• [SOURCE MATERIAL]:
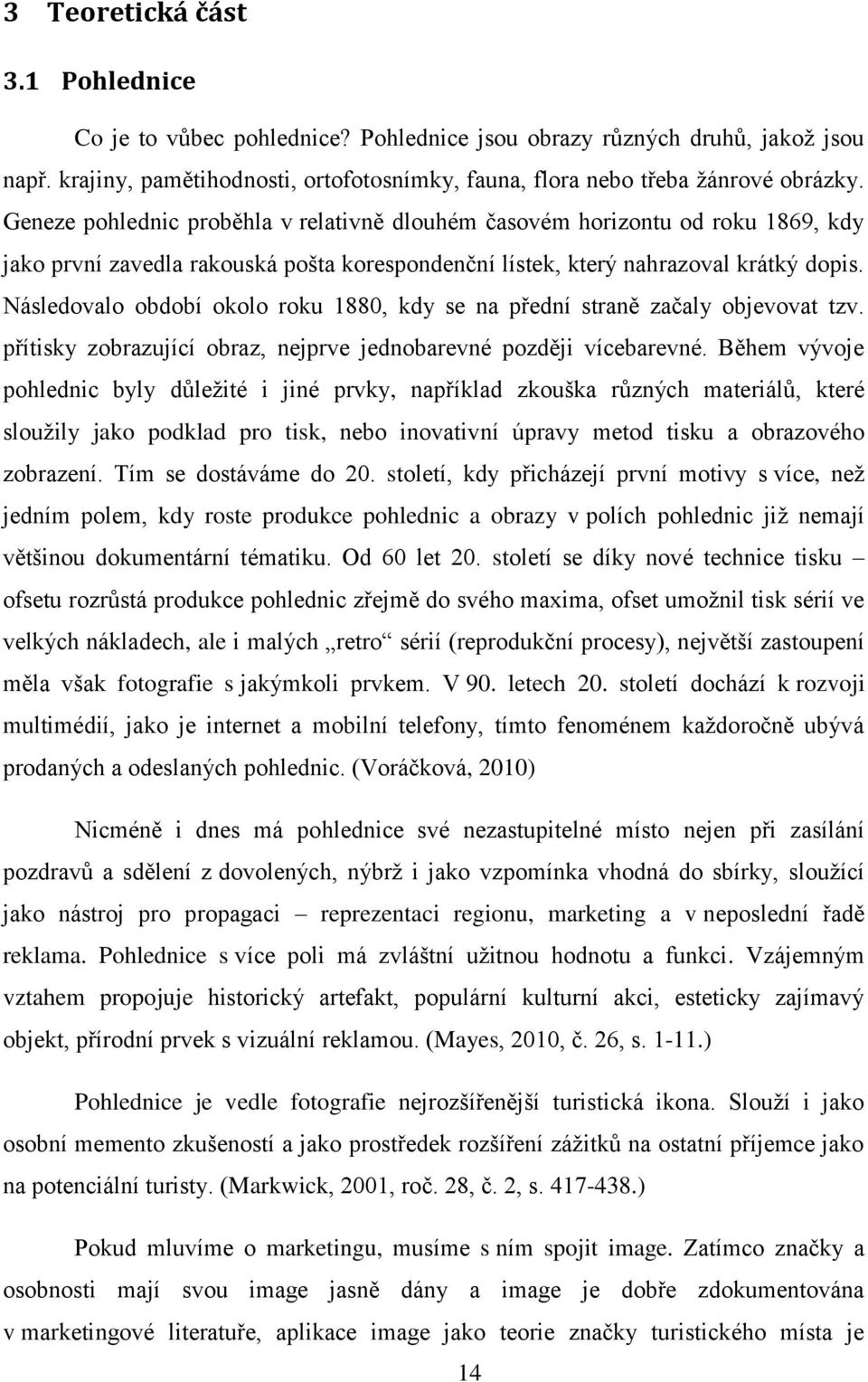 Následovalo období okolo roku 1880, kdy se na přední straně začaly objevovat tzv. přítisky zobrazující obraz, nejprve jednobarevné později vícebarevné.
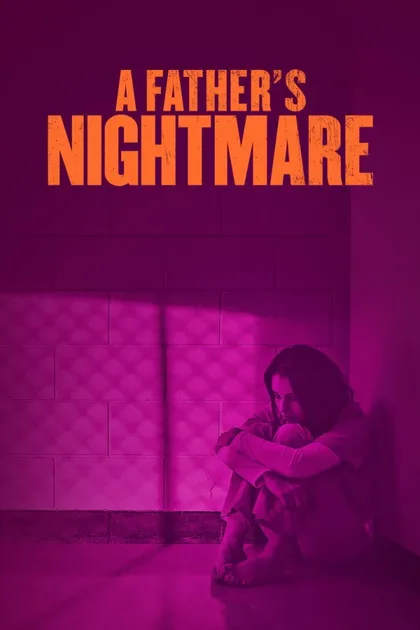 Фильм Кошмар отца (2018)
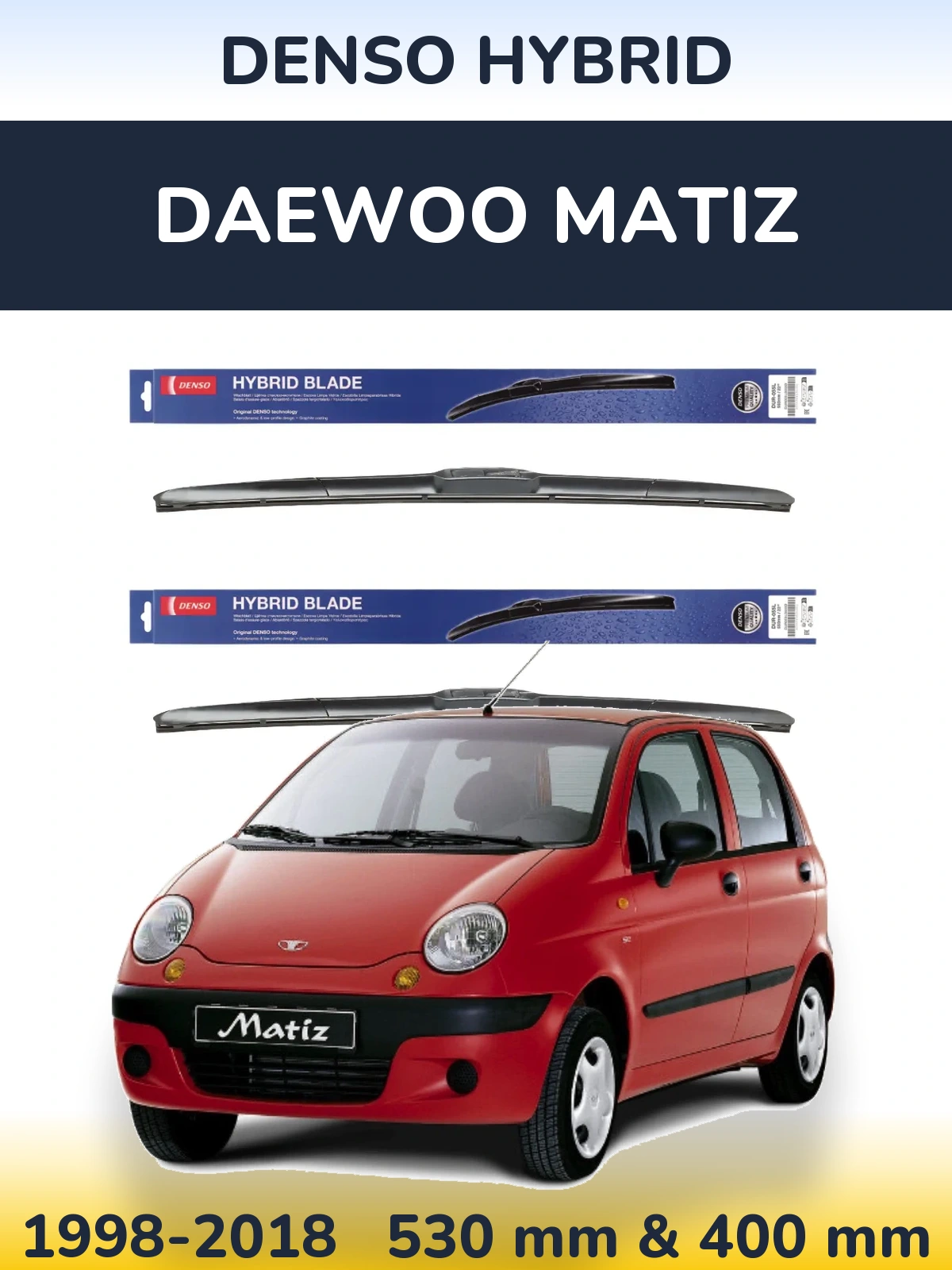 Komplet przednich wycieraczek Denso Hybrid 530 & 400 mm do Daewoo Matiz 1998-2018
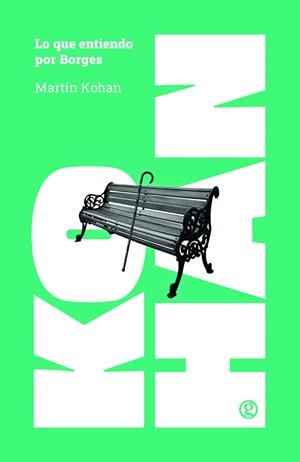 LO QUE ENTIENDO POR BORGES | 9788419990969 | KOHAN, MARTIN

• [WORK INSTRUCTIONS]: Output only these lines, word for word: the line containing "Komplet przednich wycieraczek" and every line after it through the last line of the data. Omit the pictures.

• [FINISHED TASK]:
 Komplet przednich wycieraczek Denso Hybrid 530 & 400 mm do Daewoo Matiz 1998-2018
 LO QUE ENTIENDO POR BORGES | 9788419990969 | KOHAN, MARTIN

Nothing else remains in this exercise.